Full disclosure: I've never actually made a tamale from scratch. I keep meaning to give it a try, but I always hear about how time-consuming and arduous the tamale-makin' process can be. Though I typically love spending hours in the kitchen, I just haven't blocked out time in my busy schedule for a tamale day. I will. Soon. Promise.
Until then, I present you with my quickie version of the savory stuffed treat — my Hot Tamale Pie:
It's yet another recipe I'm testing for my cookbook (told y'all I was steppin' up this cookbook game, right?). I've made it once before, but I made too much filling for a 9-inch pie pan. This time, I used a 10-inch pan and lessened the ratios of ingredients. It's not as fancy as a tamale, but it satisfies when you don't have all day to spend in the kitchen.

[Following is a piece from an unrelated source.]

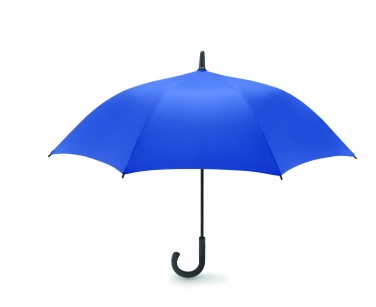 Logo trade promotional merchandise photo of: Luxe 23'' windproof umbrella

Though tamales originated in Latin America, they also have strong Southern roots. The Mississippi Delta (the area along the river from Memphis down to Vicksburg, Miss.) is often referred to as the Tamale Trail, thanks to an abundance of tamale stands and diners serving up the Southern version of the traditional Latin treat. Why is this? There are several theories. Some say migrant workers who worked the cotton fields with African American slaves back in the day shared their foodways. Other theorize that U.S. soldiers from Mississippi brought back tamale recipes after traveling to Mexico during the U.S.-Mexican War.
While Mexican tamales are made with masa, most Southern folks make theirs with cornmeal, which lends the tamale a grittier, polenta-like texture. In keeping with Southern tradition, my pie features a cornmeal-based, polenta-like crust and topping. I gotta keep it real.